CalSTRS had roughly $3.7 billion worth of investments in Chinese equities at the end of June through both internally and externally managed strategies, the No.2 U.S. pension fund said in a statement to Reuters.
The fund floated a request for proposal (RFP) last month for fund managers with a plan to establish new investment categories targeting Chinese equities. Interested funds were required to respond to the proposal by Oct. 10.
The purpose of taking proposals from China-focused managers is “to find out if there may be a better way” to implement the existing China equity exposure, the pension manager said in the statement.

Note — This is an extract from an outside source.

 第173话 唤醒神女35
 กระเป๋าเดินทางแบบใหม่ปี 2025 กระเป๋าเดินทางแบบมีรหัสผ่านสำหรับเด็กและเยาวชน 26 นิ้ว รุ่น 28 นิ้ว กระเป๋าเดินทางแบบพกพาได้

CalSTRS’ plan comes as asset allocation to Chinese equities by deep-pocketed U.S. institutional investors has been stagnant overall for the past few years due to rising geopolitical tensions.
Some of Asia’s large China-focused hedge funds are also buying more non-China stocks as regulatory scrutiny, policy uncertainties and a slowing mainland economy force them to cut exposure to offshore Chinese assets.
Recent moves by some big investors, however, suggest that they are seeking asset and geographical diversification as the western world grapples with tighter Federal Reserve policy and an energy crisis in Europe, according to industry insiders.
As part of the new plan, CalSTRS, which had assets worth around $311.7 billion at the end of July, plans to establish three investment strategy categories targeting China, according to the RFP published on its website.
While two of them will focus on Greater China equities and onshore Chinese shares, the remaining one will be benchmarked to the MSCI China index, according to the RFP.
“Depending on our RFP due-diligence findings, we (CalSTRS) would create new China portfolios if we determine it would be a better way of implementing our existing China equity exposure,” it said in the statement to Reuters.